◆ Materials provided ◆
_ _ _ _ _
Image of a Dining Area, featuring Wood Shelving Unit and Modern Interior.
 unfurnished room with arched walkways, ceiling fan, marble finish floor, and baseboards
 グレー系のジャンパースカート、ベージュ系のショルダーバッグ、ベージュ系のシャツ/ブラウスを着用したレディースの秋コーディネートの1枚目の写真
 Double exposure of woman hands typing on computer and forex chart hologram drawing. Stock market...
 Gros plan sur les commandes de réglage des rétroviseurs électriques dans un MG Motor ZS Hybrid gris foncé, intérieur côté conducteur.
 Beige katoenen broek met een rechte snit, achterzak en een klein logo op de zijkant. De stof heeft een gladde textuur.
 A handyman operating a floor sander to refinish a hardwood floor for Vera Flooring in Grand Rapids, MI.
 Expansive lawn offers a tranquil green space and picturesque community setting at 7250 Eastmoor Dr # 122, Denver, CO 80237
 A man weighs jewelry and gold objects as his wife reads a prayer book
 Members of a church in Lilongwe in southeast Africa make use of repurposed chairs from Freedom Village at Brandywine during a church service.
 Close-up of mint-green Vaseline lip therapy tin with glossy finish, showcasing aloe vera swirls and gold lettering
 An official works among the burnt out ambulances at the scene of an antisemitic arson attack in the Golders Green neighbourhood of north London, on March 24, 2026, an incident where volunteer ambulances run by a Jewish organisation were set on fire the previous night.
_ _ _ _ _
◆ Your task ◆
Among the records above, a stretch begins at the line containing "unfurnished room with" and ends at the line containing "A man weighs". Restate that stretch word for word, and nothing else.

◆ Answer to the exercise ◆
 unfurnished room with arched walkways, ceiling fan, marble finish floor, and baseboards
 グレー系のジャンパースカート、ベージュ系のショルダーバッグ、ベージュ系のシャツ/ブラウスを着用したレディースの秋コーディネートの1枚目の写真
 Double exposure of woman hands typing on computer and forex chart hologram drawing. Stock market...
 Gros plan sur les commandes de réglage des rétroviseurs électriques dans un MG Motor ZS Hybrid gris foncé, intérieur côté conducteur.
 Beige katoenen broek met een rechte snit, achterzak en een klein logo op de zijkant. De stof heeft een gladde textuur.
 A handyman operating a floor sander to refinish a hardwood floor for Vera Flooring in Grand Rapids, MI.
 Expansive lawn offers a tranquil green space and picturesque community setting at 7250 Eastmoor Dr # 122, Denver, CO 80237
 A man weighs jewelry and gold objects as his wife reads a prayer book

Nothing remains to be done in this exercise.